Where does everyone think this will be set? Vraks? Theres a large wealth of fluff already based there... or upon a different world? (If not Krieg itself, though due to the current trend, specialised regiments are often operating upon different worlds, e.g. Catchans on Logar III)


----------



## Lord of the Night (Nov 18, 2009)

They could make several series about the Siege of Vraks. Really it could be about anything though. Maybe its about a suicide squad, a Penal Legion team. Death Korps is a possibility but the title and cover are ambiguous enough that we can't tell anything.

And if it is Death Korps ill say this. They deserve a better cover, something that shows off the best armour in the Imperial Guard :biggrin:, and after theirs the Vostroyan Firstborn.


----------



## Commissar Ploss (Feb 29, 2008)

I emailed BL customer service, and yes they have confirmed that it is in fact a Death Korps novel! i'm all tingly inside! 

CP


----------



## RudeAwakening79 (Oct 20, 2008)

Commissar Ploss said:


> I emailed BL customer service, and yes they have confirmed that it is in fact a Death Korps novel! i'm all tingly inside!
> 
> CP


Good move Commissar! The emperor provides....:grin:
This is really looking very promising!


----------



## Lord of the Night (Nov 18, 2009)

Marvellous we have confirmation. Now I can say this with certainty, what the hell kind of cover is that?, the Death Korps deserve so much better.

Could a Death Korps series be in the works?, lets bloody hope so.


----------



## Serrated Man (Mar 3, 2010)

Lord of the Night said:


> Now I can say this with certainty, what the hell kind of cover is that?, the Death Korps deserve so much better.


I agree, the cover is pretty sucky. The non traditional placement of the 40K/BL/Author logos is fine but the gun is boring and plain. 

Im *not* a big fan of the traditional 40k "battlescene" covers on BL novels (HH especially, although the cover of _Legion_ is pretty badass) but that gun propably wont scream "buy me!" to the average reader.


----------



## bobss (May 18, 2008)

Serrated Man said:


> I agree, the cover is pretty sucky. The non traditional placement of the 40K/BL/Author logos is fine but the gun is boring and plain.
> 
> Im *not* a big fan of the traditional 40k "battlescene" covers on BL novels (HH especially, although the cover of _Legion_ is pretty badass) but that gun propably wont scream "buy me!" to the average reader.


Really? I think the Horus Heresy series covers are the best Black Library has ever released... the Artwork is stunning, and rather interesting (The armaments of the 31`st Millenium...)


----------



## Commissar Ploss (Feb 29, 2008)

Please, i've already got mine on pre-order...from an undisclosed source.  You know that even if you hate the cover so much, you'll still run out and get the book.


----------



## Serrated Man (Mar 3, 2010)

bobss said:


> Really?

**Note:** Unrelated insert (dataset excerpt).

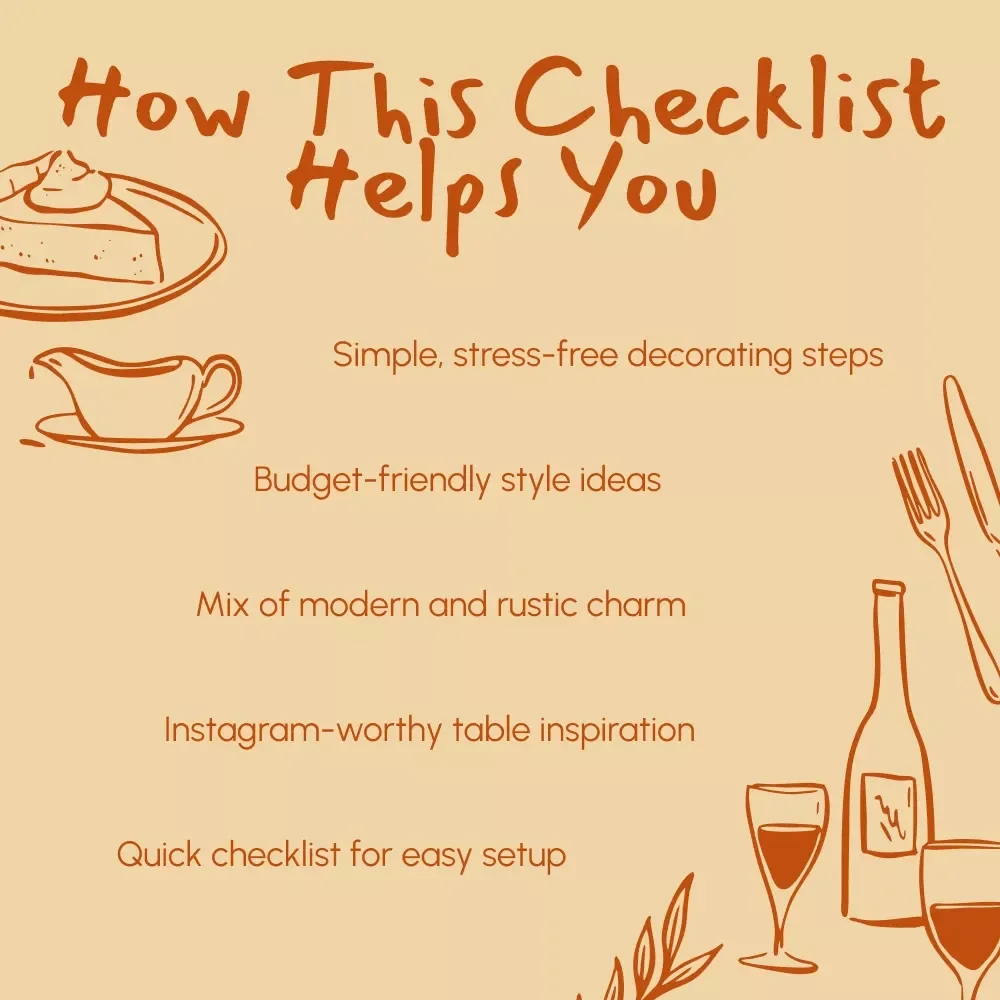 Modern Thanksgiving Table Decor Checklist | Minimalist Holiday Table Styling Guide | Digital Download for Modern Thanksgiving Table Decor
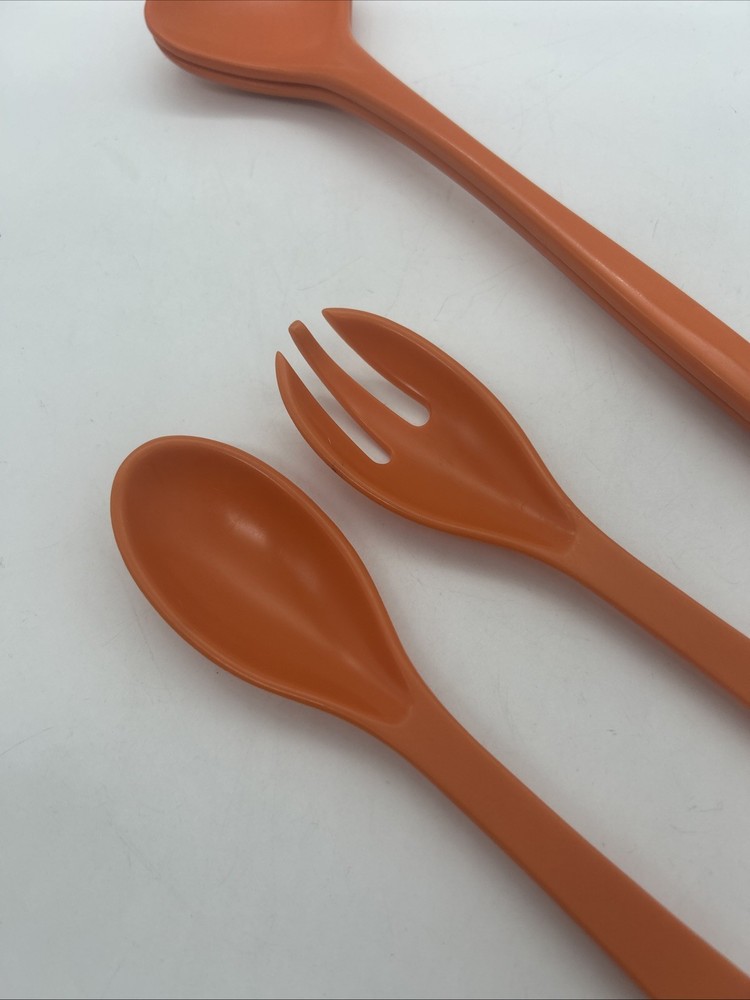 Retro Rosti Salad Server Orange Set Denmark Mepal Melamine + Extra Set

I think the Horus Heresy series covers are the best Black Library has ever released...


Don't get me wrong, I don't judge a book by its cover. I wanna say something about the normal battlescene cover being inpersonal to the story but I can't really explain it without going into a essay. 

Some of my favorite BL novel covers are: Blind, Draco and Malleus. Those are just the first examples that sprung to mind.



Commissar Ploss said:


> You know that even if you hate the cover so much, you'll still run out and get the book.


Maybe, I haven't read any of the books in the "Imperial Guard" line. (Gunheads, Rebel Winter, etc) I hear most of them are worth the read but just haven't gotten around to it. I read so much other fiction (BL being being around half of my leasure reading) + lots for work.

Maybe someday il get to it. :victory:


----------



## RudeAwakening79 (Oct 20, 2008)

Commissar Ploss said:


> You know that even if you hate the cover so much, you'll still run out and get the book.


so true:laugh:

It's the words inside that count,but a nice and shiny cover makes a good finish (and looks good on my bookshelf).


----------



## bobss (May 18, 2008)

Serrated Man said:


> Don't get me wrong, I don't judge a book by its cover. I wanna say something about the normal battlescene cover being inpersonal to the story but I can't really explain it without going into a essay.
> 
> Some of my favorite BL novel covers are: Blind, Draco and Malleus. Those are just the first examples that sprung to mind.


Paradoxically, I would say that I like the cover of _Dead Men Walking_, it only emphasises what the DeathKorp of Krieg stand for, and, its simplicity is more hard-hitting than a more complex cover



Serrated Man said:


> Maybe, I haven't read any of the books in the "Imperial Guard" line. (Gunheads, Rebel Winter, etc) I hear most of them are worth the read but just haven't gotten around to it. I read so much other fiction (BL being being around half of my leasure reading) + lots for work.
> 
> Maybe someday il get to it. :victory:


I agree. The Guard series, really only starts at _Rebel Winter_, a rather good tale of a Vostroyan Regiment and its warings with Rebels and Orks. Ive yet to read _Gunheads_, though ive also heard that _Desert Raiders/Ice Guard_ are fantastic aswell. 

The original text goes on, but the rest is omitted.